In his 1961 farewell address, President Eisenhower famously warned:
[The] conjunction of an immense military establishment and a large arms industry is new in the American experience... In the councils of government, we must guard against the acquisition of unwarranted influence, whether sought or unsought, by the military-industrial complex.
For the past 50 years, American leftist writers have warned about the increasing influence of the military-industrial complex on foreign policy (e.g. the overthrow of governments in Iran and Nicaragua, the wars in Vietnam and Iraq) and domestic affairs (e.g. political assassinations, subversion of legitimate protest). Typically the mainstream media disparaged these iconoclastic tracts only to be proven wrong by diligent investigative reporters.
For years, FBI director J. Edgar Hoover was a stalwart of the U.S. deep state, regarded as a patriotic leader whose behavior was beyond reproach. Yet, Betty Medsger's recent book, The Burglary: The Discovery of J. Edgar Hoover's Secret FBI, explores the 1971 burglary of the FBI office in Media, Pennsylvania, and its consequences for public opinion of Hoover and the FBI. Eight anti-war protestors discovered that agents had infiltrated the civil rights and anti-war movements with the intent to "enhance the paranoia" and uncovered two secret programs. The first was a "security index" that named "more than 26,000... Americans considered potentially dangerous as spies or saboteurs if war or national insurrection developed." The second was COINTELPRO, a secret program that spied on civil-rights leaders, anti-war activists, and public critics of the F.B.I.
For most liberals, none of this should be surprising. Since the sixties, writers such as Peter Dale Scott and Noam Chomsky systematically unveiled the nefarious actions of the deep state. Now, Mike Lofgren expands the term,
[To] mean a hybrid association of elements of government and parts of top-level finance and industry that is effectively able to govern the United States. ... an ideology that is neither specifically Democrat nor Republican. Domestically, [proponents] believe in the "Washington Consensus": financialization, outsourcing, privatization, deregulation and the commodifying of labor. Internationally, they espouse 21st-century "American Exceptionalism": the right and duty of the United States to meddle in every region of the world with coercive diplomacy and boots on the ground and to ignore painfully won norms of civilized behavior... It is a hybrid of national security and law enforcement agencies: the Department of Defense, the Department of State, the Department of Homeland Security, the Central Intelligence Agency and the Justice Department. I also include the Department of the Treasury because of its jurisdiction over financial flows, its enforcement of international sanctions and its organic symbiosis with Wall Street. All these agencies are coordinated by the Executive Office of the President via the National Security Council.

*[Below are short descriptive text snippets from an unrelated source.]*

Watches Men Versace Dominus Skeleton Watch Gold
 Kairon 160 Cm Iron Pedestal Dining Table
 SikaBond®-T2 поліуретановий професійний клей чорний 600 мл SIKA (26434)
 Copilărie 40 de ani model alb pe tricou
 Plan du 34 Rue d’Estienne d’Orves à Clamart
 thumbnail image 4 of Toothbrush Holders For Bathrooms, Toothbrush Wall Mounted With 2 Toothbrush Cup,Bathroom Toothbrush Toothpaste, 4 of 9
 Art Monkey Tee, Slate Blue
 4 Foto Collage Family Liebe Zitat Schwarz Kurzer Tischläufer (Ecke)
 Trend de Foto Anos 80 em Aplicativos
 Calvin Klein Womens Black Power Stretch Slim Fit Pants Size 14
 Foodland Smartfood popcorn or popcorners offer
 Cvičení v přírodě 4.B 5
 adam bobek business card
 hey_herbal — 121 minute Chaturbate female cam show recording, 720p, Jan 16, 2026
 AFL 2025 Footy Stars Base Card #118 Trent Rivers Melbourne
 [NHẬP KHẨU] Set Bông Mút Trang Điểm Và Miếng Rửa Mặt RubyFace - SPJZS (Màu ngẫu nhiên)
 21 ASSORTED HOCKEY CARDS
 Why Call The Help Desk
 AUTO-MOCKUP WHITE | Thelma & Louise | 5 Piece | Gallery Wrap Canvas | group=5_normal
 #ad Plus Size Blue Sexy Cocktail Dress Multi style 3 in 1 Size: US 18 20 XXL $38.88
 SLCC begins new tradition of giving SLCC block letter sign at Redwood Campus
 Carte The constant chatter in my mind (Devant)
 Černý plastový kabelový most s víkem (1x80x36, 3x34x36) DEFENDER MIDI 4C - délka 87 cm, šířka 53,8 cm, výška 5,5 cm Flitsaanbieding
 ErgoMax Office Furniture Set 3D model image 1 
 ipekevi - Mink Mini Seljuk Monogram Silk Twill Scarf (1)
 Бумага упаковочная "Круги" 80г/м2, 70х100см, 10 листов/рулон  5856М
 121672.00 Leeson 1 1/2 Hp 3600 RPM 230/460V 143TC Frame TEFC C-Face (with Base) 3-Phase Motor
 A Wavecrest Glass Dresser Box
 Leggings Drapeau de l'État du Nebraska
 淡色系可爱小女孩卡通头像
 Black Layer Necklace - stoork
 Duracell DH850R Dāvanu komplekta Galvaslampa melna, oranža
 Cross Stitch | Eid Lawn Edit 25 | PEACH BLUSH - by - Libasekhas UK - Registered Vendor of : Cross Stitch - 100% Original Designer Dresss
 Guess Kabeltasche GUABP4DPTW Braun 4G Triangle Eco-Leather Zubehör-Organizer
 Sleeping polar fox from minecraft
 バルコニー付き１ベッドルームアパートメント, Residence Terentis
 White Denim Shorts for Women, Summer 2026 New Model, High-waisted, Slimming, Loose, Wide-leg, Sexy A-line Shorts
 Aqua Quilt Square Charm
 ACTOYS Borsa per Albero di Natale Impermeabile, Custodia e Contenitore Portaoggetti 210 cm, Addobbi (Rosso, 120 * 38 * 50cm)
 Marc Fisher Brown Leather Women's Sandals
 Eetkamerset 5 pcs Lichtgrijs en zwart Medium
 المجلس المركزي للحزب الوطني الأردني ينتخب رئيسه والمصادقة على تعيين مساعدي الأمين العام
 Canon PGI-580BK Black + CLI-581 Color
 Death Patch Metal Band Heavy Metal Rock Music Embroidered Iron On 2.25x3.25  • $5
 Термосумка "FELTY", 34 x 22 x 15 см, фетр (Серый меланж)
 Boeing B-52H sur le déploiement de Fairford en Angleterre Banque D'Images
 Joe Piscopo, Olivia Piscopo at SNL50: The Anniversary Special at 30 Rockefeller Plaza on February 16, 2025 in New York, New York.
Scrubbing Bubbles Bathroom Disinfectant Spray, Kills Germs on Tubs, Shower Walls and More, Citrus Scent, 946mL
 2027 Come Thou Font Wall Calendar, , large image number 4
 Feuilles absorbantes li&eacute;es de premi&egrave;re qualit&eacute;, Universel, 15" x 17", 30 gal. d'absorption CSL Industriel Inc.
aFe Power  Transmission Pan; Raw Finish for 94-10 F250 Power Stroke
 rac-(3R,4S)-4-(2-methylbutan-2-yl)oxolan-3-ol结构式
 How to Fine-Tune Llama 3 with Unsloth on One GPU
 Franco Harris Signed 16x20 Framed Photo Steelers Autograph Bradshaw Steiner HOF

Because of the recent revelations by Edward Snowden, the deep state has become a concern of the right as well as the left. In October, Wall Street Journal columnist Peggy Noonan, once President Reagan's speechwriter, wrote: "I have come to wonder if we don't have what amounts to a deep state within the outer state in the U.S. -- a deep state consisting of our intelligence and security agencies, which are so vast and far-flung in their efforts that they themselves don't fully know who's in charge and what everyone else is doing."
The central question is what we can do to thwart the deep state. Fortunately, there are several key areas where the left can find allies on the right. Both liberal Democrats (Ron Wyden) and Tea-Party Republicans (Rand Paul) deplore the National Security Agency's surveillance of the lives of average citizens. And both the far left and the far right believe that America's military establishment has grown too big and our philosophy of American exceptionalism is out of date. Further, both liberals and conservatives deplore the power of Wall Street banks and call for reforms.
And there are many opportunities for the left to move forward on its own, For example, the probable 2016 Democratic presidential candidate is Hillary Clinton. Unless pushed from the left, she's unlikely to mention the deep state or to move boldly on issues such as surveillance, outsourcing of jobs, and the demilitarization of foreign policy.
Mike Lofgren ends his deep-state essay on a hopeful note:
[In the US] there is now a deep but as yet inchoate hunger for change. What America lacks is a figure with the serene self-confidence to tell us that the twin idols of national security and corporate power are outworn dogmas that have nothing more to offer us. Thus disenthralled, the people themselves will unravel the Deep State with surprising speed.
The left needs new charismatic leadership.